By The National Review

Judge Brett Kavanaugh, President Donald Trump’s new nominee for the Supreme Court, is a whip-smart legal conservative. As a judge in the highest-profile appeals court in the nation, he has shown an exemplary dedication to the rule of law. He has defended the separation of powers against threats coming from multiple directions. He has repeatedly cautioned his colleagues on the bench not to attempt to play a legislative role. He has also insisted on enforcing constitutional structures of accountability on government agencies. He has vindicated the right to free speech (against certain campaign-finance regulations), to bear arms (against the D.C. government’s attempts to implement sweeping bans), and to religious liberty (against a version of the Obama administration’s “contraceptive mandate”). And he has followed Supreme Court precedents even when gently suggesting they should be rethought.

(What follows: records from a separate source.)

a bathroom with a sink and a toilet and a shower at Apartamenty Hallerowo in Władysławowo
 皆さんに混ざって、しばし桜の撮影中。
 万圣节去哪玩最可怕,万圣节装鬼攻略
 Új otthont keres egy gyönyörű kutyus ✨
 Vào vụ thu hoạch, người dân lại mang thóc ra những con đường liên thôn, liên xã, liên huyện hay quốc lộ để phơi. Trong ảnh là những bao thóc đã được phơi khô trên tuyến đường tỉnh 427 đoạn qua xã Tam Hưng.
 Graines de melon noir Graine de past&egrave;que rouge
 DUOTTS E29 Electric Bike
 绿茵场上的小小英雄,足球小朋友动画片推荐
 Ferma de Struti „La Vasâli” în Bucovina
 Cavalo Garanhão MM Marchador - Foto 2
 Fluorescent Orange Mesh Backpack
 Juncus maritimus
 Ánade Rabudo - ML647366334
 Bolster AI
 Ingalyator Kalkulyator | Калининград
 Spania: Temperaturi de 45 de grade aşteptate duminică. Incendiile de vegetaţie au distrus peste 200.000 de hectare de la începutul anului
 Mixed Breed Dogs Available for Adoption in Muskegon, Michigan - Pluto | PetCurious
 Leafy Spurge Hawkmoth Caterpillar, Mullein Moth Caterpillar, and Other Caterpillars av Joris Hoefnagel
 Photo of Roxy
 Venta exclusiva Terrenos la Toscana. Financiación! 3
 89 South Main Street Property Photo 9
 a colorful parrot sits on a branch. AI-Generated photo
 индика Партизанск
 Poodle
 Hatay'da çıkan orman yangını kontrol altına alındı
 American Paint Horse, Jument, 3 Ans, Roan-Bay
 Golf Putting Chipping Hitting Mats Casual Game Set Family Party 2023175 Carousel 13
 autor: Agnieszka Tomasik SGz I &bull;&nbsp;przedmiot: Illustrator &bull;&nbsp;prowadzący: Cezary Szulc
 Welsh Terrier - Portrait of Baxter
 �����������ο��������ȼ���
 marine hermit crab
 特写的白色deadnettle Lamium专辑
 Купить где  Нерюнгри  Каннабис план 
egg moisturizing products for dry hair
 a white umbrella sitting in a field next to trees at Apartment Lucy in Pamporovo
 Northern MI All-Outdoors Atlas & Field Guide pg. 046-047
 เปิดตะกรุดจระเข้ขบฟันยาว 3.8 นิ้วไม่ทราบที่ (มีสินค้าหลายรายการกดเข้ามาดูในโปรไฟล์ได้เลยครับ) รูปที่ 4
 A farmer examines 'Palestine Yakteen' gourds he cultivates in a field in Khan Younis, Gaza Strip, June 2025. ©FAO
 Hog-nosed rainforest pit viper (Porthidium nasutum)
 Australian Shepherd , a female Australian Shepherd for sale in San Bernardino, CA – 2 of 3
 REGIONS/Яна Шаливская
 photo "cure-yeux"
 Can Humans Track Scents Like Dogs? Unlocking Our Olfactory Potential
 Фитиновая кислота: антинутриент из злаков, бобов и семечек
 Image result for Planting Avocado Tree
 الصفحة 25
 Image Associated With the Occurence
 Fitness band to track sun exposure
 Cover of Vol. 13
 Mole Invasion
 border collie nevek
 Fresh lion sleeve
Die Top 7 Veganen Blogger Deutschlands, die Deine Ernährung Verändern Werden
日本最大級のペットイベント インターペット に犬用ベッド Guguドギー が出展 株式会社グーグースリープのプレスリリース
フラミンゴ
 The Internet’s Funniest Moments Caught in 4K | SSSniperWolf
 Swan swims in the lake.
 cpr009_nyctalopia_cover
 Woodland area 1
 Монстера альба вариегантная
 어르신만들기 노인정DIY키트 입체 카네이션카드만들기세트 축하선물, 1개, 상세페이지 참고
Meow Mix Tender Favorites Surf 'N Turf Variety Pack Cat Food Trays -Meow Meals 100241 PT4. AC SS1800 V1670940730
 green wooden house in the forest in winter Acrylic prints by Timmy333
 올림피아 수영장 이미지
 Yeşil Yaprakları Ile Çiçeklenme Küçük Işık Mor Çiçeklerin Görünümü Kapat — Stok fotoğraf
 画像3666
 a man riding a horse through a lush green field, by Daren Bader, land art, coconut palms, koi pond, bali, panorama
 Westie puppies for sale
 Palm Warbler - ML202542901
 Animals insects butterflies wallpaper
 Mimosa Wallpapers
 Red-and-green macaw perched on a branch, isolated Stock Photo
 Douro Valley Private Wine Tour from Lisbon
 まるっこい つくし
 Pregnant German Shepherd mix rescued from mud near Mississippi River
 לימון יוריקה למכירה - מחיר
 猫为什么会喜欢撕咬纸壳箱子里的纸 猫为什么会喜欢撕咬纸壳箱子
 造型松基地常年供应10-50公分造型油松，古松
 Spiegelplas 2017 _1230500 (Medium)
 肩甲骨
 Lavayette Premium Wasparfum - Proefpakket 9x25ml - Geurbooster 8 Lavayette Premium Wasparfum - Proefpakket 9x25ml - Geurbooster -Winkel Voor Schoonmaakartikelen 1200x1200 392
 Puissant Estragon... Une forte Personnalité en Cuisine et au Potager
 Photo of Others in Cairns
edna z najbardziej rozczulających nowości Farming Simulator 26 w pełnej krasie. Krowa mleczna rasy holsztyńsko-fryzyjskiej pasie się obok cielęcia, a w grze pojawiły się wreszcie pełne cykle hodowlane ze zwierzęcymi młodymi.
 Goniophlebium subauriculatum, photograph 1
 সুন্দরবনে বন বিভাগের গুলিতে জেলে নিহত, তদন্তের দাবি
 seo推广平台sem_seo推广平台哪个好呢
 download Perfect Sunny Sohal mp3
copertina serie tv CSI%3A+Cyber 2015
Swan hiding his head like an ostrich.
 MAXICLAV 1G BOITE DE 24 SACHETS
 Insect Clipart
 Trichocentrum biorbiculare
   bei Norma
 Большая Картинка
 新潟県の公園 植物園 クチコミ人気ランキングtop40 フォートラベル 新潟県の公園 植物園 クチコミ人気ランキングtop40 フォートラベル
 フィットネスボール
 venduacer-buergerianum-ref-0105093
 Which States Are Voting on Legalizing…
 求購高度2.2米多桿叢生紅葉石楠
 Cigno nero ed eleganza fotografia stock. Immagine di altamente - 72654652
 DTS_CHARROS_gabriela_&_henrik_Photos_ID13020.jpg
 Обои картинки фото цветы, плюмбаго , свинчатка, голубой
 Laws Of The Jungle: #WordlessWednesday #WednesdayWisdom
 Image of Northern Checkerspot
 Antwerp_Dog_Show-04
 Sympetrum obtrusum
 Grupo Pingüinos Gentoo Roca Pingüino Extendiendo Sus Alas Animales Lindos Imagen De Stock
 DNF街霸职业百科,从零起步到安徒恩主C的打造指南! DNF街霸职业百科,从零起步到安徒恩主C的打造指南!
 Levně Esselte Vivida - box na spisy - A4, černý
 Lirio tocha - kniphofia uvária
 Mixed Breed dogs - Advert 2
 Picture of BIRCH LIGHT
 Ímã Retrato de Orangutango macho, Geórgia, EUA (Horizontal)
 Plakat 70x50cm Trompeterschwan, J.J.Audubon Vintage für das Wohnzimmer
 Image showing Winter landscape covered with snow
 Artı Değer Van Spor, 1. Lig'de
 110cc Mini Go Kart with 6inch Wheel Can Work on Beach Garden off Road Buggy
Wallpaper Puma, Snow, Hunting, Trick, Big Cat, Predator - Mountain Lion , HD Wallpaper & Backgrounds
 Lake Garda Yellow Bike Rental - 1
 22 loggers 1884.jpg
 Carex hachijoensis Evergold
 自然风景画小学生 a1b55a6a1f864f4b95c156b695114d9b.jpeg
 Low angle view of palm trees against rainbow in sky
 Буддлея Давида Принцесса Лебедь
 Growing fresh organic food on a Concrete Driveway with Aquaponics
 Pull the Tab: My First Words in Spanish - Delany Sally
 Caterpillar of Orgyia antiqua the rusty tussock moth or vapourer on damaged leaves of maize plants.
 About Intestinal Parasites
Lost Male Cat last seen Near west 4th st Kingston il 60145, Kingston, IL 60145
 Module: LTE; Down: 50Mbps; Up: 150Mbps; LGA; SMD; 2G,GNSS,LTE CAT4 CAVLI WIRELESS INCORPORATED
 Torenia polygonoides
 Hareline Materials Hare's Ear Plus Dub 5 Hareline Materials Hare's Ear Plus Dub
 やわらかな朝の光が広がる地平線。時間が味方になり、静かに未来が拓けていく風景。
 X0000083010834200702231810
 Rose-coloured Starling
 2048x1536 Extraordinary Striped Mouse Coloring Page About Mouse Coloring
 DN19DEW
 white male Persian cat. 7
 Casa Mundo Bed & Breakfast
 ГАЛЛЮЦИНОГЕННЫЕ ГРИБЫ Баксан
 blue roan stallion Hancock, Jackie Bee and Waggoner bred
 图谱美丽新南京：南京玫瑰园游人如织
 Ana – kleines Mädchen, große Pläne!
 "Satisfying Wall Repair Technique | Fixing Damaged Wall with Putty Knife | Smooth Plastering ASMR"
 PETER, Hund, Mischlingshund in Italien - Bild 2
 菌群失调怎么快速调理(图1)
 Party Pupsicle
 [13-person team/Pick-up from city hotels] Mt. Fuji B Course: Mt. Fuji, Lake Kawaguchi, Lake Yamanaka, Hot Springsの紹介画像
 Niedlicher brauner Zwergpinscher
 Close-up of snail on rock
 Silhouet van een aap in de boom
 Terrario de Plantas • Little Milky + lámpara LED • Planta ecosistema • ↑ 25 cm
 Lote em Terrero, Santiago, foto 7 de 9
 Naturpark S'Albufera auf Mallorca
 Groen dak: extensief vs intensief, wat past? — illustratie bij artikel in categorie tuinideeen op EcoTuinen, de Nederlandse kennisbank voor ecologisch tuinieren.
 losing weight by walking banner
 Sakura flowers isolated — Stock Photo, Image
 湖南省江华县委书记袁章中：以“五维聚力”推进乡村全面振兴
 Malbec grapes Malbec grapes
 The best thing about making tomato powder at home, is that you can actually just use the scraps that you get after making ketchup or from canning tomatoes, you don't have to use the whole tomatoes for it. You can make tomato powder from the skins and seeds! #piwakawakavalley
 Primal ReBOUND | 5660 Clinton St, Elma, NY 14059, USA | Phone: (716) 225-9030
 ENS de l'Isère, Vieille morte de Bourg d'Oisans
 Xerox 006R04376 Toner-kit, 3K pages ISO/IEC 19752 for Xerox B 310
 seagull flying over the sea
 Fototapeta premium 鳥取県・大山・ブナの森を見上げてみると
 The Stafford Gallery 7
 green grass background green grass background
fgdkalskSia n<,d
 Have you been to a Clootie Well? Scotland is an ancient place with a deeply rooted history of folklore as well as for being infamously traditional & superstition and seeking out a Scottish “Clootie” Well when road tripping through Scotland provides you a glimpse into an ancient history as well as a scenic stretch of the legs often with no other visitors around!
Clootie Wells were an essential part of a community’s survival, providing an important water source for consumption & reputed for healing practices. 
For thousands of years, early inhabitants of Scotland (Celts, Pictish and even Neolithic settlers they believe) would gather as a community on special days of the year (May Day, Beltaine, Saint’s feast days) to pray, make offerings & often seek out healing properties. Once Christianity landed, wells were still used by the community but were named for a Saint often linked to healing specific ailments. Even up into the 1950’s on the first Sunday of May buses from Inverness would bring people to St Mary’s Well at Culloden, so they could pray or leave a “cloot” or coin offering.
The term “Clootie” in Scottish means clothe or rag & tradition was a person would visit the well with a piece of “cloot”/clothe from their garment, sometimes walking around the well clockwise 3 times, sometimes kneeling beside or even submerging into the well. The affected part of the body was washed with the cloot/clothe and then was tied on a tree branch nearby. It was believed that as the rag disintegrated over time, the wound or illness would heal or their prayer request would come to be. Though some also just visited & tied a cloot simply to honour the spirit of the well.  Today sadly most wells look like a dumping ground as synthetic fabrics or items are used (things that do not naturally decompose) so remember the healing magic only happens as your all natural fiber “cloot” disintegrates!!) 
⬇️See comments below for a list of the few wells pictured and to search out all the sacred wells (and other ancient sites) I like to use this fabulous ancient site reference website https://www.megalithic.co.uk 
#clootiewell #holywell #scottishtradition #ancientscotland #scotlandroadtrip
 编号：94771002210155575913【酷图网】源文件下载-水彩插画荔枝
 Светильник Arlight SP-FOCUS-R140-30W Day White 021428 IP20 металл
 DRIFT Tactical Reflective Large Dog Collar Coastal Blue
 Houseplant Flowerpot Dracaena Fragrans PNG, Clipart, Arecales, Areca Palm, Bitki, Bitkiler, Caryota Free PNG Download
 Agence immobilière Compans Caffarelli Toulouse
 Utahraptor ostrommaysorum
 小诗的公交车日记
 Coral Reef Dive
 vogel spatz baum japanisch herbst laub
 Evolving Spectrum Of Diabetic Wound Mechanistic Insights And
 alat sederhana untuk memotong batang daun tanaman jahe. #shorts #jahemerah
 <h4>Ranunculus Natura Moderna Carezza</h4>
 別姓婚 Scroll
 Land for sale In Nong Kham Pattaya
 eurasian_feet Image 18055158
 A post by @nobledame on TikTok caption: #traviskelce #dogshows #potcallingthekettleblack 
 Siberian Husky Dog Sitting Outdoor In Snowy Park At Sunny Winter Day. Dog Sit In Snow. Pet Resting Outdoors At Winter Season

His decisions have also been influential, with the Supreme Court repeatedly adopting his analysis and in one case running several block quotes from his opinion. Some conservatives have faulted the reasoning of a few of his opinions, but usually have not disagreed with the decisions he reached. His ruling on a challenge to Obamacare’s individual mandate is an exception to this rule — some conservatives do fault his decision — but even it has an asterisk. He would have dismissed the case on the ground that the courts did not yet have jurisdiction over it, in keeping with views he has long advocated. He did not bless the idea that the federal government could order people to buy a product, as the four most liberal members of the Supreme Court later would have done. Nor did he rewrite the text of Obamacare to uphold it, as Chief Justice John Roberts did.

It would be utterly implausible, indeed laughable, for Senate Democrats to try to portray Kavanaugh as unqualified. They will instead try to present him as a right-wing monster. They will try to make him pledge to keep the Supreme Court rather than legislatures in charge of abortion policy, even though the Constitution requires no such thing; then they will condemn him for refusing to take the pledge. They will portray his concern for the structural limits on government power as a blanket hostility to government, which it is not. And they will cherry-pick decisions in which he ruled against a sympathetic cause or litigant, as is sometimes a judge’s duty.

They will call him every name in the book. But before too long, they will, as they should, be calling him “Justice.”